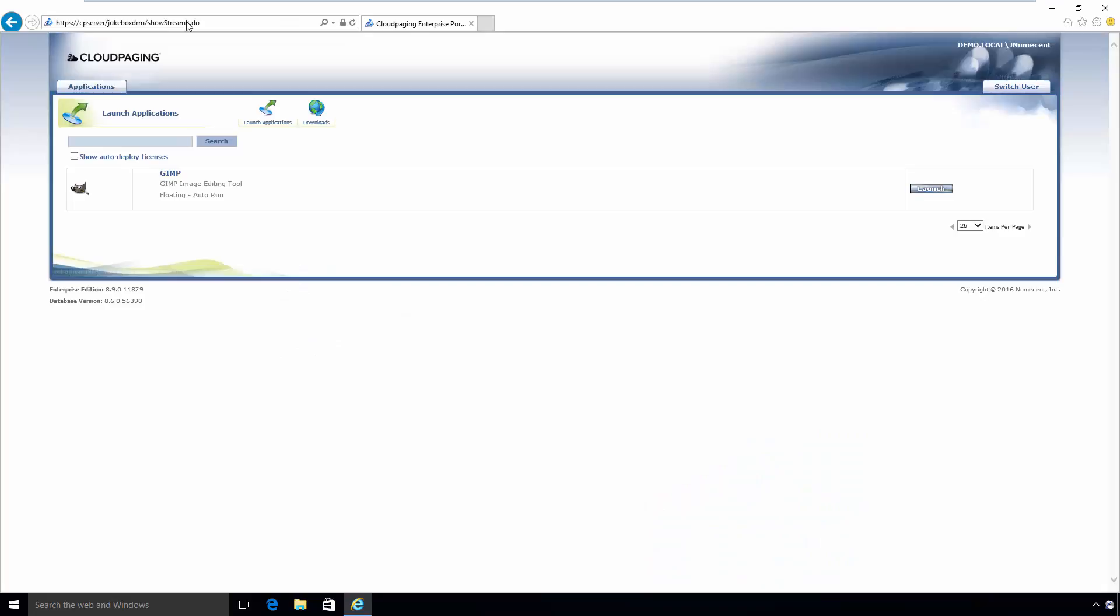The Launch Application screen should now be shown. Click Launch next to the application and it should be added to the player.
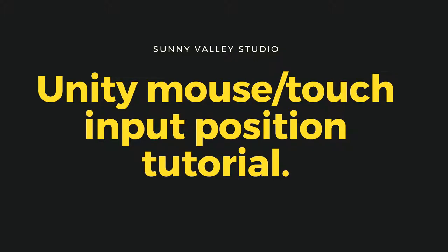In many games we need to know player input position, so where the player has clicked or touched on the screen. In this video we will discuss how to get this information.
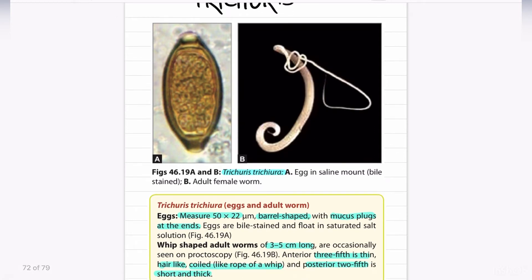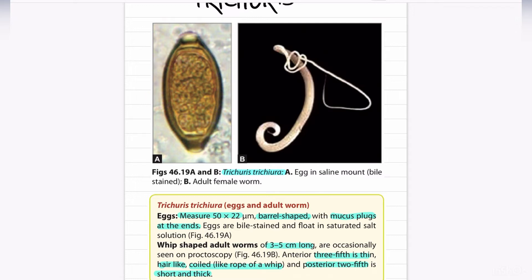Next is the egg of Trichuris trichiura. The egg of Trichuris trichiura is barrel shaped with a size of 50 by 22 micrometers, with mucus plugs at each end. The shape of the adult worm is whip-shaped and measures three to five centimeters long. The anterior three-fifths is thin and hair-like, and the posterior two-fifths is short and thick.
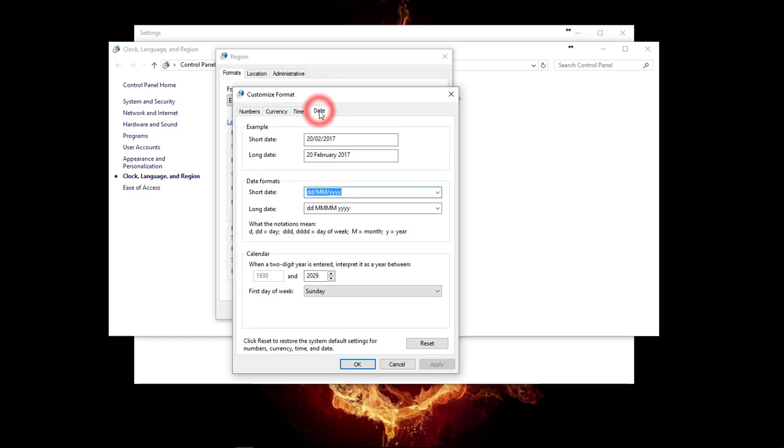Under Date, you need to make sure that your short date is Day, Month, Year. If you have any other date format in this window, simply remove it and type it in.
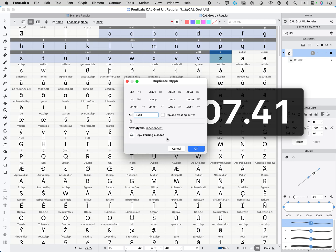Okay, that's it. Thanks so much for watching. Please subscribe to the California Type Foundry channel and the FontLab channel for more tips and tricks.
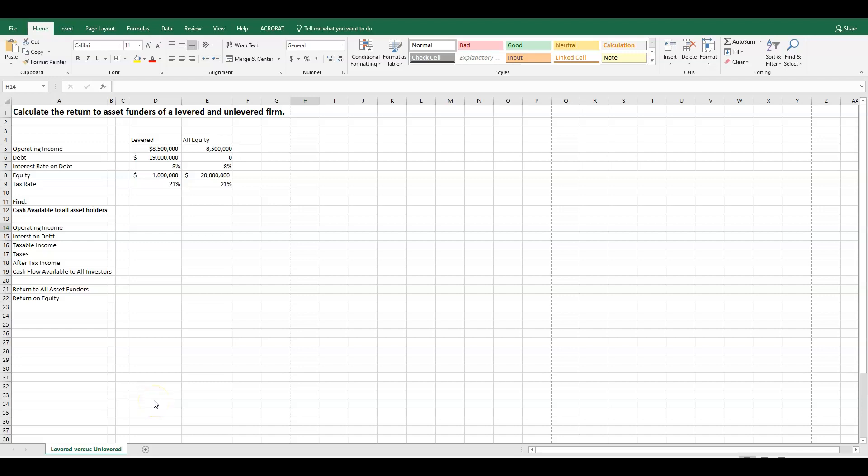Hello, everybody. Welcome. We're going to walk you through an example of finding the return to asset funders and the return on equity for both a levered and all-equity firm. You may be going over some chapters right now and understanding the impacts that leverage or debt has on the amplification of returns to equity holders. That's what I'm going to show you here in Excel today.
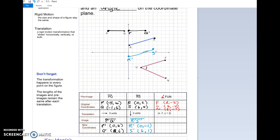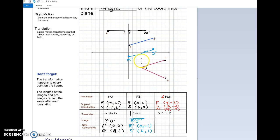Let's double check the coordinates together. F is at nine, negative two — I had to fix that. U is at three, negative four. And N is at nine, negative seven. Now let's take a look at this new way of writing a translation. This time I not only want to move it horizontally but also vertically.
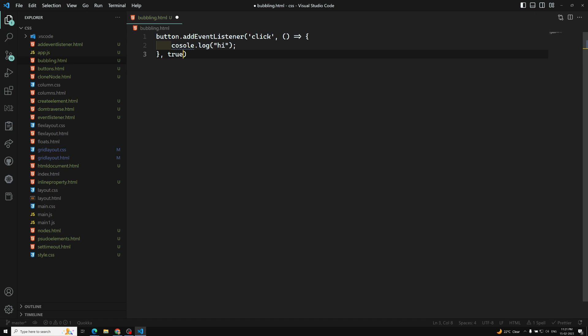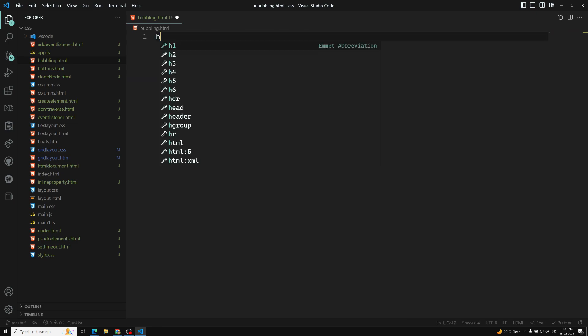The addEventListener method has three parameters: the first is the type of event (such as 'click'), the second is the event handler callback function, and the third is the capture mode — whether you want to fire the event listener in the capturing phase or the bubbling phase. By default it is false (bubbling phase); pass true to fire it in the capturing phase.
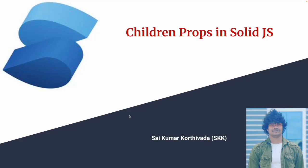Hi guys, this is Aikumar Kurthivada. In this video, we will learn about children props in SolidJS and what is the purpose of children props. I have explained about default props and splitting the props in my previous video. Please watch that for better understanding.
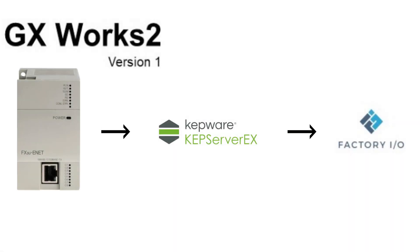Hello and welcome to this tutorial. In this video we will go through how to connect GXworks2 to factory IO via KepServer EX from Kepware.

■ ■ ■

▶ _YOUR INSTRUCTIONS_
Write out the lines of the entries above exactly, beginning with the first and ending with the line that contains "In many games". No picture goes in.

▶ _RESULT OF THE TASK_
The Launch Application screen should now be shown. Click Launch next to the application and it should be added to the player.
In many games we need to know player input position, so where the player has clicked or touched on the screen. In this video we will discuss how to get this information.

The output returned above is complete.